Pelo meio surge a típica jovem
inocente abandonada pelo namorado rico e estouvado que a deixa com uma criança
nos braços e que, devido à miséria em que cai, se vê obrigada a deixar a filha
ao cuidado de uns estranhos que a escravizam até ser salva por esse condenado,
à época, transformado em homem de bem.
Depois há as fugas mirabolantes
desses dois personagens, o malvado polícia que, obcessivamente, os persegue e
um conjunto de personagens que oscilam entre o bem e o mal, tudo num clima,
repito, aventuroso, semelhante a outros clássicos da época.
No entanto o que faz de “Os
Miseráveis” uma obra imortal e, de facto, um dos melhores livros alguma vez
escritos e que alguma vez li?
Primeiro porque Victor Hugo era
exímio na arte de contar uma história. Ele sabia criar suspense, situações de
cortar a respiração que nos levam a querer virar a página rapidamente numa
leitura compulsiva e prazerosa. Depois porque a obra encerra em si uma séria de
análises históricas e humanas que abrangem uma época importante e vital, não só
para a França, como igualmente para o resto do mundo. Por outro lado, o autor
soube analisar os vários comportamentos humanos (o conflito da crise de
consciência do principal personagem é brilhante), pintando uma tela onde
expressa todas as características socio-culturais da época e onde exibe todos
os podres e virtudes da sua sociedade, mostrando também uma Paris há muito
desaparecida, algo inclusive que ele, aqui e ali, vai referenciando.
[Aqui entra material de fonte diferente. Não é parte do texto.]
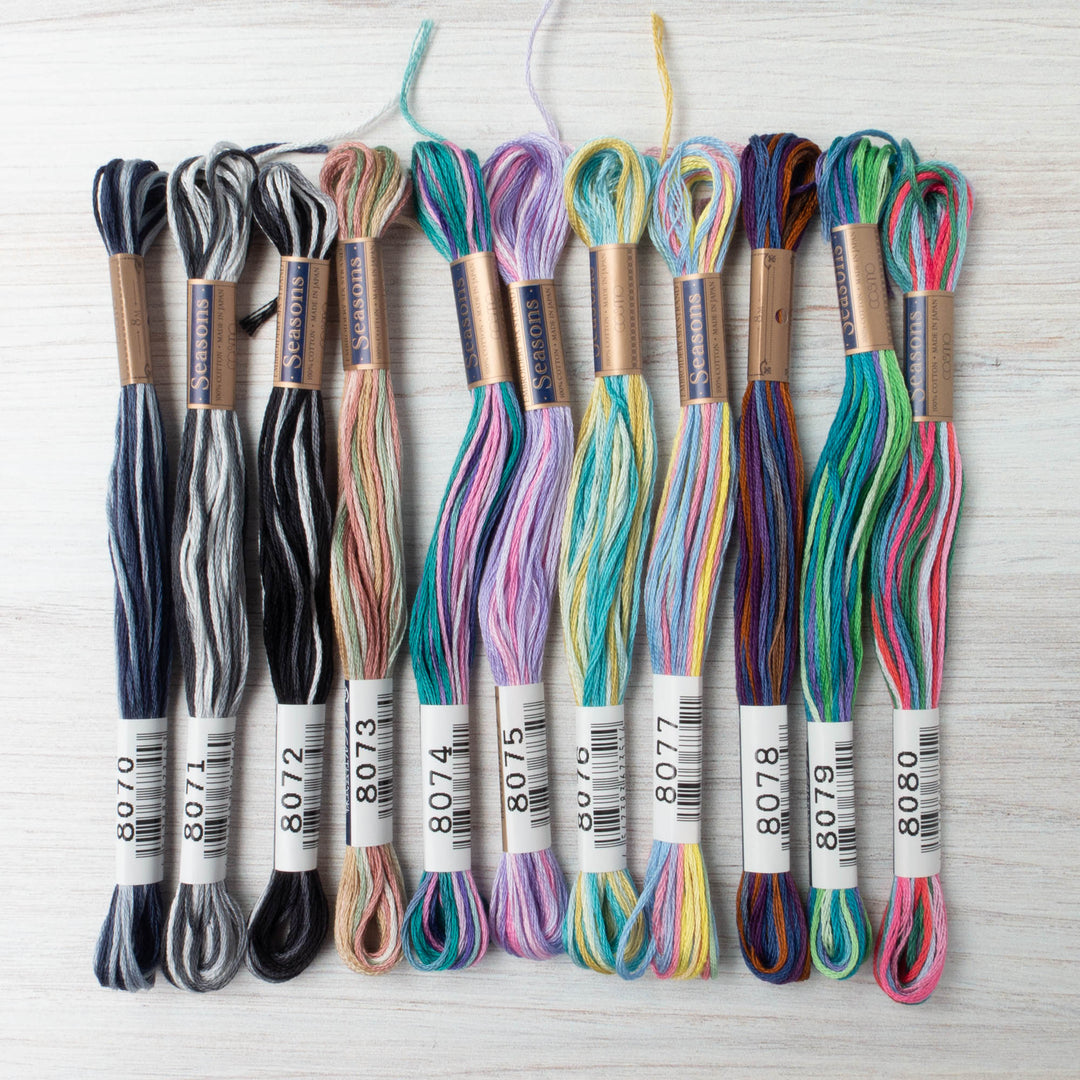 Cosmo Seasons Embroidery Floss Set - Rainbow – Snuggly Monkey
A obra é muito extensa e Victor
Hugo não poupa nos detalhes narrativos, por vezes até em excesso. Facilmente
captamos as simpatias políticas de Hugo e, através das inúmeras reflexões que pululam
no livro, vamos percebendo a História por detrás de importantes acontecimentos
como, por exemplo, a batalha de Waterloo ou as barricadas de Paris, amplamente
descritas e explicadas. Curiosa também a forma como demonstra que o acaso, ou a
sorte e o azar, tiveram papel fundamental no percurso desses acontecimentos e
que, se não fosse Deus, a quem ele atribui o acaso, os ingleses não tinham
vencido a batalha de Waterloo e, hoje em dia, a Europa seria diferente.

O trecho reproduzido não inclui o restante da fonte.